(Captioned web image data)

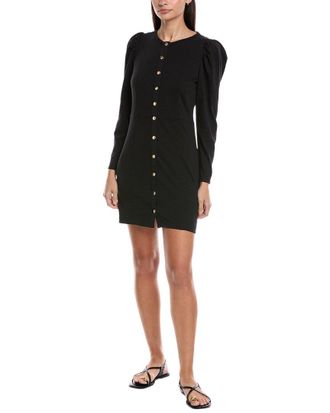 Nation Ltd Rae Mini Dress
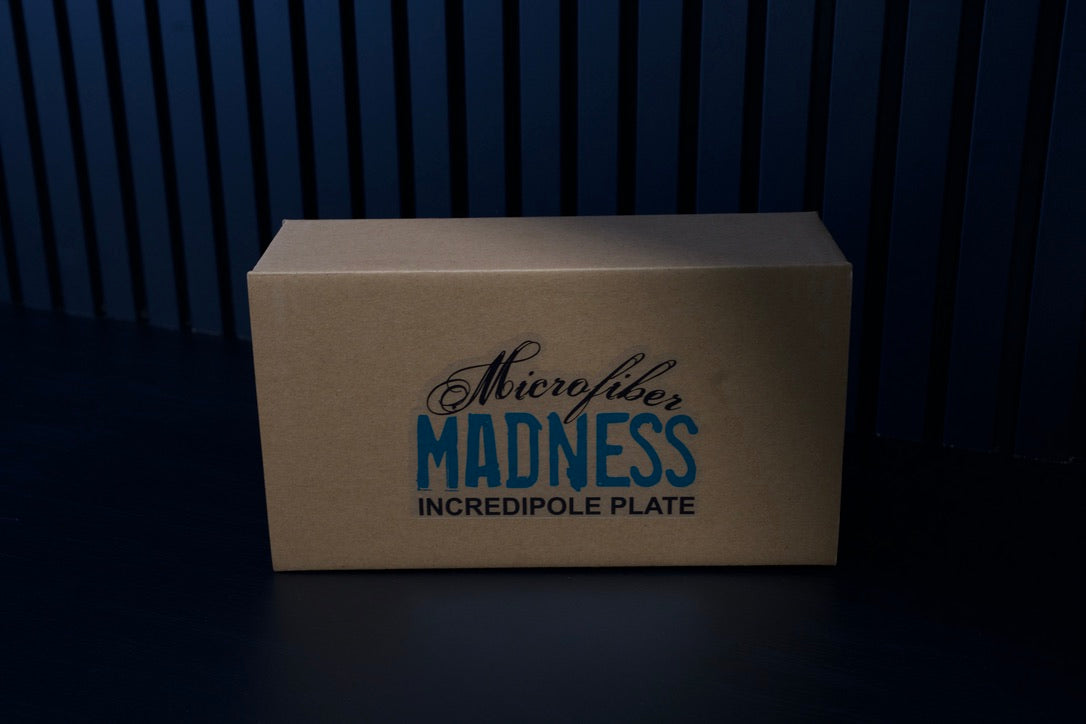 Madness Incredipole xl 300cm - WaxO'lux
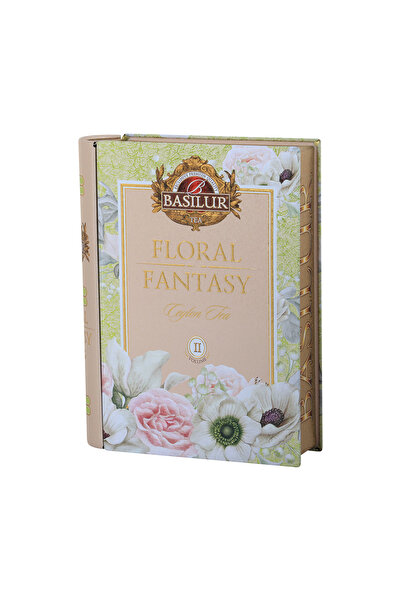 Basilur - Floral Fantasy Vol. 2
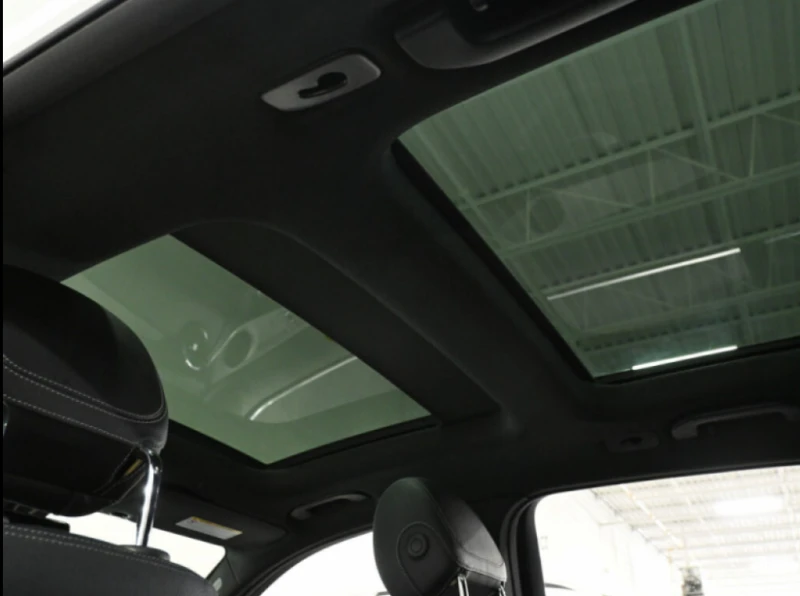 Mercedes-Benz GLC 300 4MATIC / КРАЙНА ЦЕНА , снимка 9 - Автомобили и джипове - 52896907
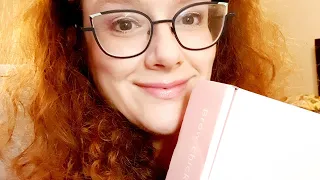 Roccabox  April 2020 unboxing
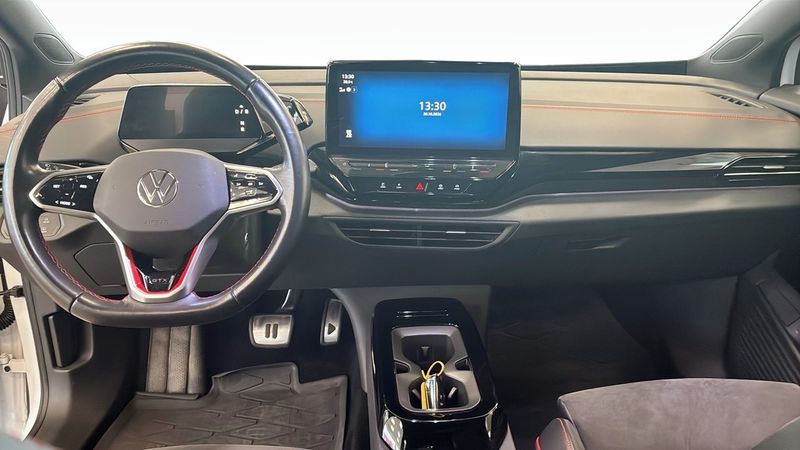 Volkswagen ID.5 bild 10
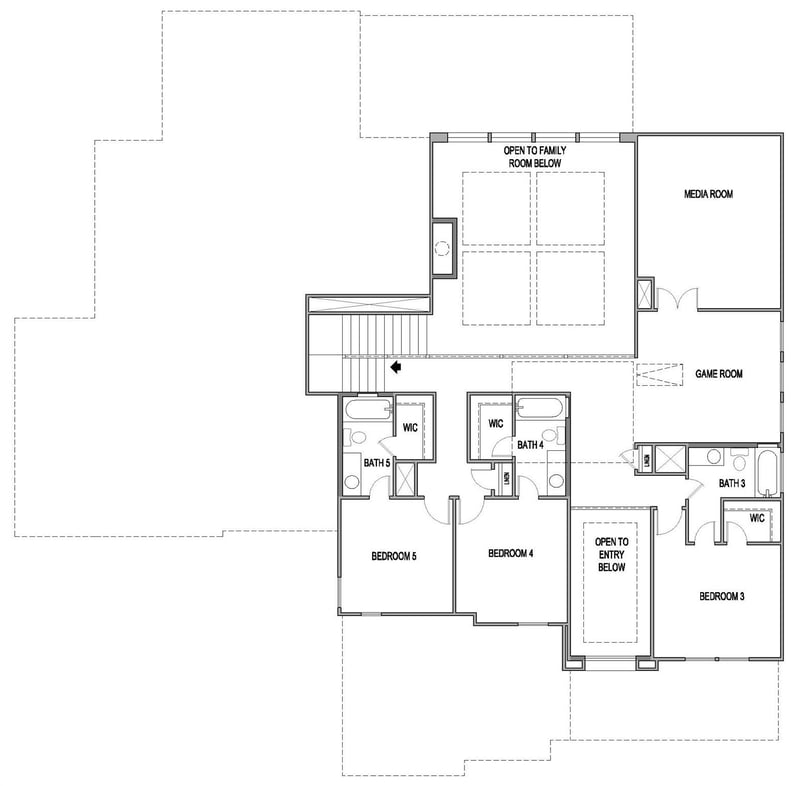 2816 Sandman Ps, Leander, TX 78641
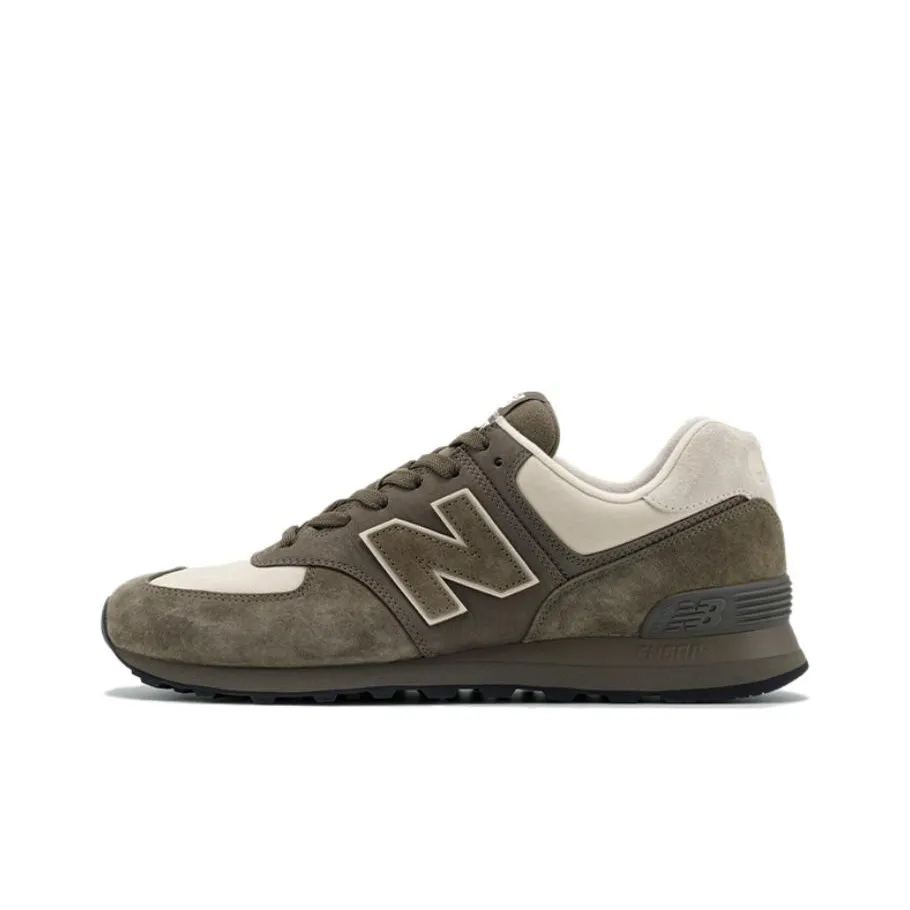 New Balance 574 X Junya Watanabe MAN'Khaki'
---
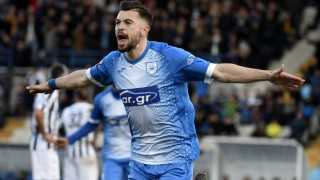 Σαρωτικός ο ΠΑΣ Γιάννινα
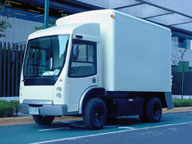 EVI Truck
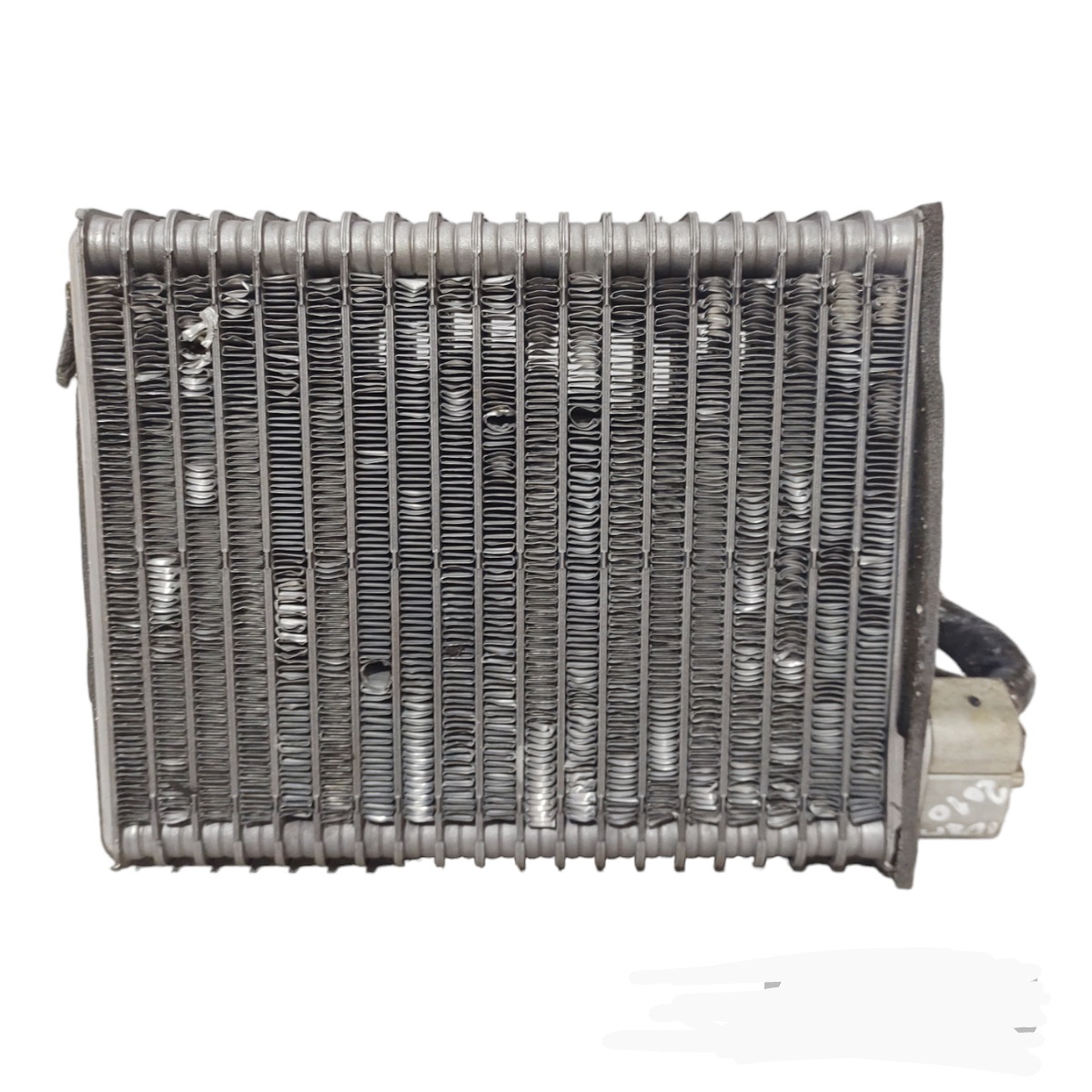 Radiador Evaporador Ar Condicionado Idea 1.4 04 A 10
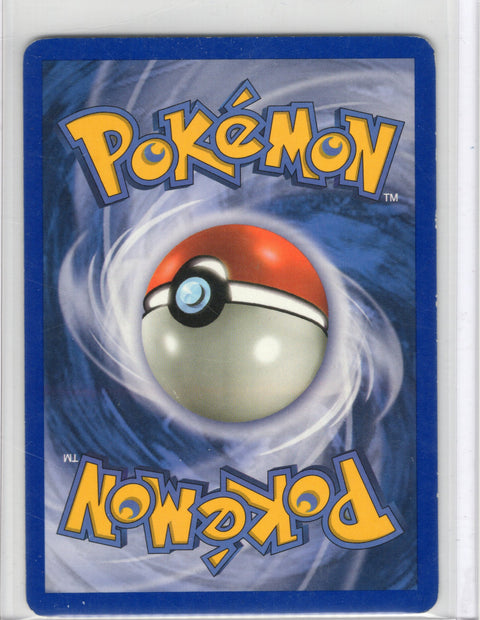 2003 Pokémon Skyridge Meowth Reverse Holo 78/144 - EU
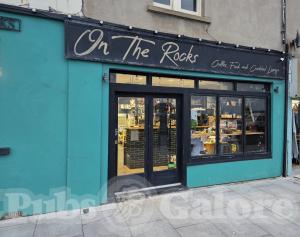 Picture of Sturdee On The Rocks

*About this task*.
No picture is to be printed. Output exactly the lines above from the line containing "Σαρωτικός ο ΠΑΣ Γιάννινα" through the line containing "Picture of Sturdee On The Rocks".

*Written reply*.
 Σαρωτικός ο ΠΑΣ Γιάννινα
 EVI Truck
 Radiador Evaporador Ar Condicionado Idea 1.4 04 A 10
 2003 Pokémon Skyridge Meowth Reverse Holo 78/144 - EU
 Picture of Sturdee On The Rocks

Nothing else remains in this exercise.